The triumphant and exhilarating finale is written in an unusual variant of sonata form: at the end of the development section, the music halts on a dominant cadence, played fortissimo, and the music continues after a pause with a quiet reprise of the "horn theme" of the scherzo movement. The recapitulation is then introduced by a crescendo coming out of the last bars of the interpolated scherzo section, just as the same music was introduced at the opening of the movement. The interruption of the finale with material from the third "dance" movement was pioneered by Haydn, who had done the same in his Symphony No. 46 in B, from 1772. It is unknown whether Beethoven was familiar with this work or not.

The Fifth Symphony finale includes a very long coda, in which the main themes of the movement are played in temporally compressed form. Towards the end the tempo is increased to presto. The symphony ends with 29 bars of C major chords, played fortissimo. In The Classical Style, Charles Rosen suggests that this ending reflects Beethoven's sense of proportions: the "unbelievably long" pure C major cadence is needed "to ground the extreme tension of [this] immense work."

Influences 
The 19th century musicologist Gustav Nottebohm first pointed out that the third movement's theme has the same sequence of intervals as the opening theme of the final movement of Mozart's famous Symphony No. 40 in G minor, K. 550. Here are the first eight notes of Mozart's theme:

While such resemblances sometimes occur by accident, this is unlikely to be so in the present case. Nottebohm discovered the resemblance when he examined a sketchbook used by Beethoven in composing the Fifth Symphony: here, 29 bars of Mozart's finale appear, copied out by Beethoven.

Lore 
Much has been written about the Fifth Symphony in books, scholarly articles, and program notes for live and recorded performances. This section summarizes some themes that commonly appear in this material.

Fate motif 
The initial motif of the symphony has sometimes been credited with symbolic significance as a representation of Fate knocking at the door. This idea comes from Beethoven's secretary and factotum Anton Schindler, who wrote, many years after Beethoven's death:

The composer himself provided the key to these depths when one day, in this author's presence, he pointed to the beginning of the first movement and expressed in these words the fundamental idea of his work: "Thus Fate knocks at the door!"

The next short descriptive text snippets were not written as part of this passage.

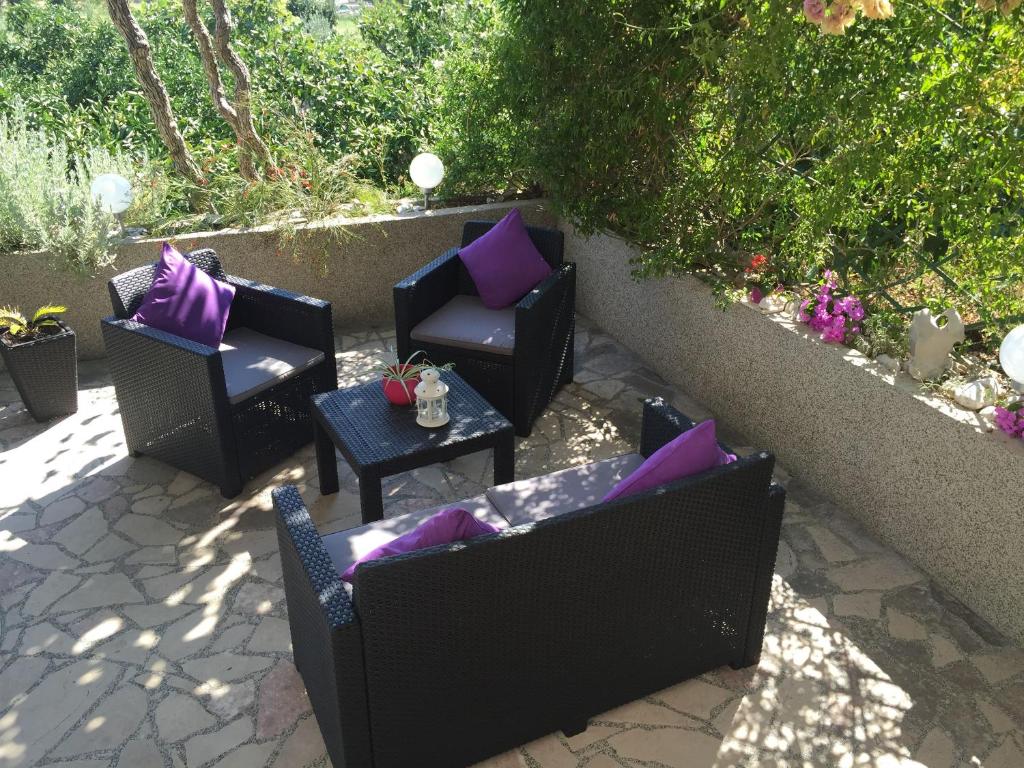 a patio with chairs and tables with purple pillows at Apartments Tamara in Orebić
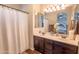 Bathroom with double vanity and large mirror at 21655 N 36Th Ave # 117, Glendale, AZ 85308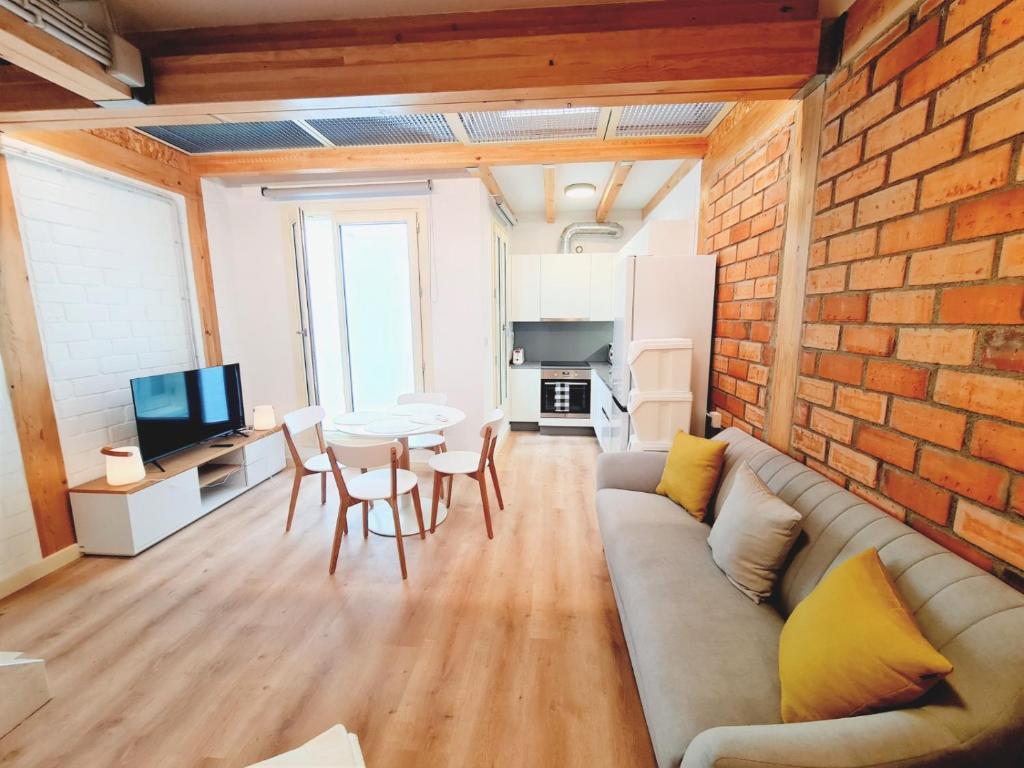 a living room with a couch and a brick wall at Edificio Amalia Rosina 4ºB in Ourense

Schindler's testimony concerning any point of Beethoven's life is disparaged by many experts (Schindler is believed to have forged entries in Beethoven's so-called "conversation books", the books in which the deaf Beethoven got others to write their side of conversations with him). Moreover, it is often commented that Schindler offered a highly romanticized view of the composer.

There is another tale concerning the same motif; the version given here is from Antony Hopkins's description of the symphony. Carl Czerny (Beethoven's pupil, who premiered the "Emperor" Concerto in Vienna) claimed that "the little pattern of notes had come to [Beethoven] from a yellow-hammer's song, heard as he walked in the Prater-park in Vienna." Hopkins further remarks that "given the choice between a yellow-hammer and Fate-at-the-door, the public has preferred the more dramatic myth, though Czerny's account is too unlikely to have been invented."

In his Omnibus television lecture series in 1954, Leonard Bernstein likened the Fate Motif to the four note coda common to symphonies. These notes would terminate the symphony as a musical coda, but for Beethoven they become a motif repeating throughout the work for a very different and dramatic effect, he says.

Evaluations of these interpretations tend to be skeptical. "The popular legend that Beethoven intended this grand exordium of the symphony to suggest 'Fate Knocking at the gate' is apocryphal; Beethoven's pupil, Ferdinand Ries, was really author of this would-be poetic exegesis, which Beethoven received very sarcastically when Ries imparted it to him." Elizabeth Schwarm Glesner remarks that "Beethoven had been known to say nearly anything to relieve himself of questioning pests"; this might be taken to impugn both tales.

Beethoven's choice of key 
The key of the Fifth Symphony, C minor, is commonly regarded as a special key for Beethoven, specifically a "stormy, heroic tonality". Beethoven wrote a number of works in C minor whose character is broadly similar to that of the Fifth Symphony. Pianist and writer Charles Rosen says, Beethoven in C minor has come to symbolize his artistic character. In every case, it reveals Beethoven as Hero. C minor does not show Beethoven at his most subtle, but it does give him to us in his most extroverted form, where he seems to be most impatient of any compromise.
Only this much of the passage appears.